TASK DETAILS:
An exact transcription is needed of the lines below from the one with "Lathe Electronic Leadscrew" through the one with "Asta WOLF VIPER", with no other lines and no pictures.

GIVEN DATA:
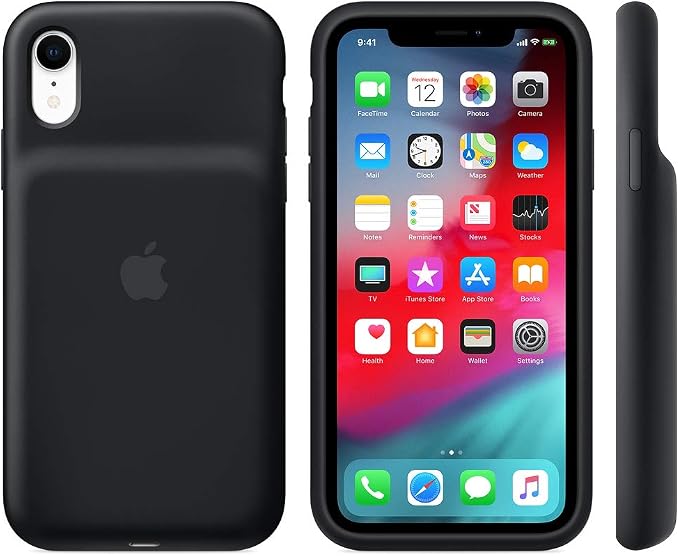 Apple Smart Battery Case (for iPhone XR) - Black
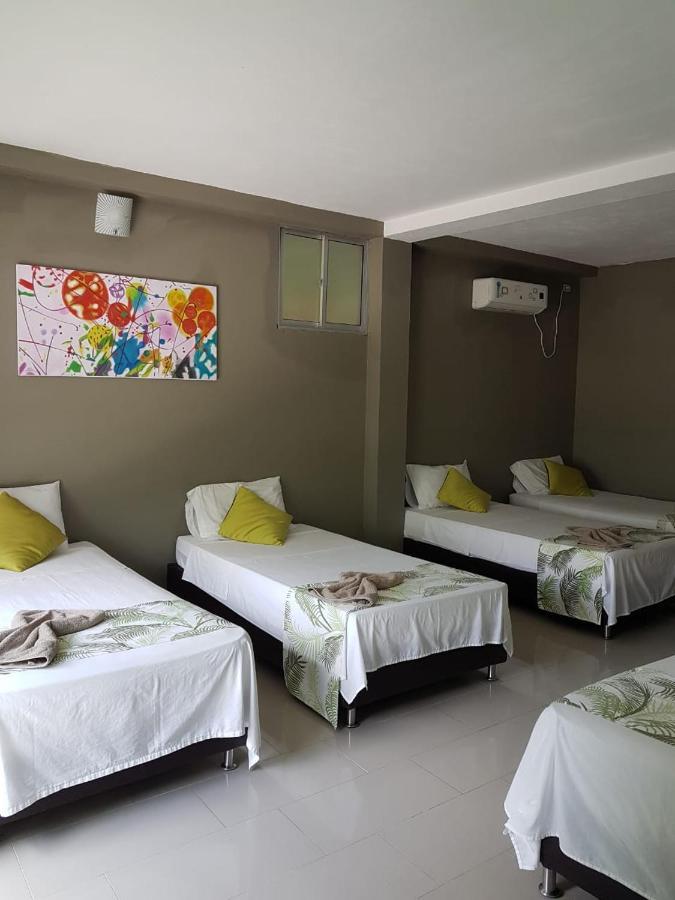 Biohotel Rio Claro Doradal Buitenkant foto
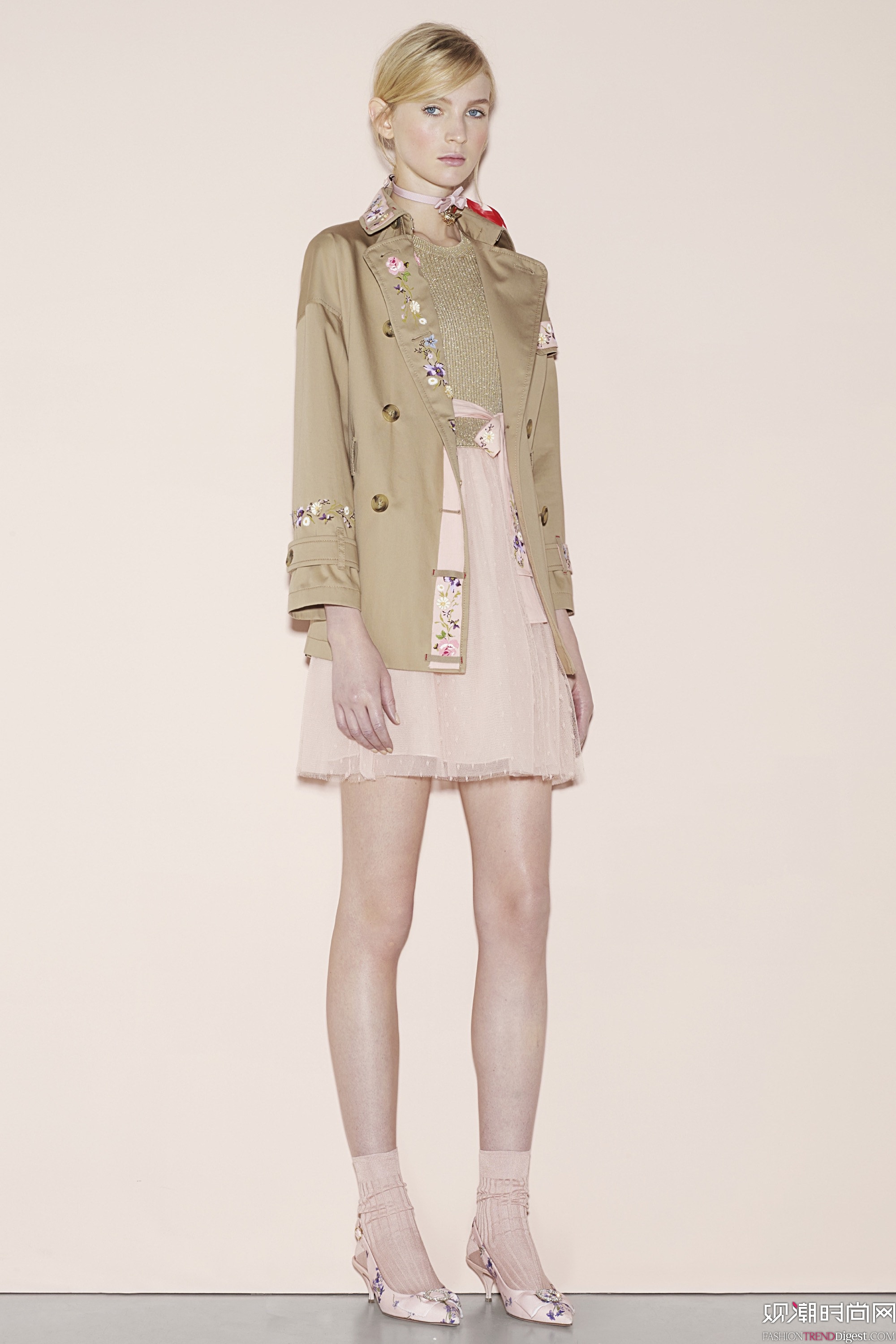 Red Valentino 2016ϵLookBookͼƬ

...

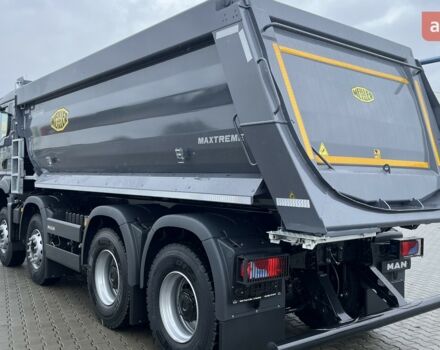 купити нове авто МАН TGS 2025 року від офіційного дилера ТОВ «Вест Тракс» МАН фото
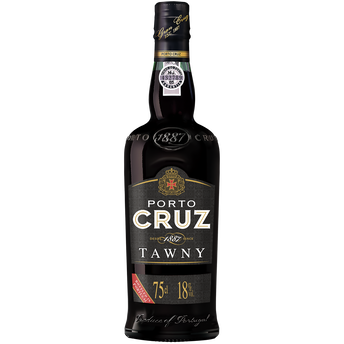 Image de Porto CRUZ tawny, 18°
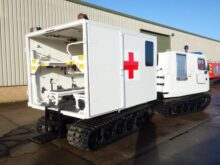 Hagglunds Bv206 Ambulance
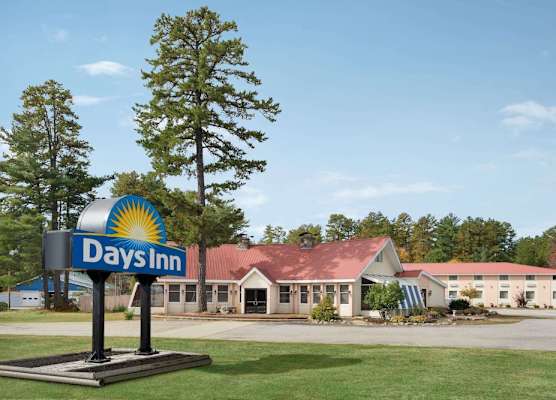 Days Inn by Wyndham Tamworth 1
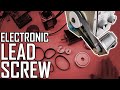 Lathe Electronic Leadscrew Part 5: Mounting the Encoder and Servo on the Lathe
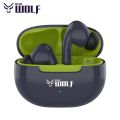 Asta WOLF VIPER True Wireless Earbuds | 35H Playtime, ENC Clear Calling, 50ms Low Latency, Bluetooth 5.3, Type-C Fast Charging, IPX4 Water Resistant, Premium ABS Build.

SOLUTION FOR THIS EXERCISE:
 Lathe Electronic Leadscrew Part 5: Mounting the Encoder and Servo on the Lathe
 Asta WOLF VIPER True Wireless Earbuds | 35H Playtime, ENC Clear Calling, 50ms Low Latency, Bluetooth 5.3, Type-C Fast Charging, IPX4 Water Resistant, Premium ABS Build.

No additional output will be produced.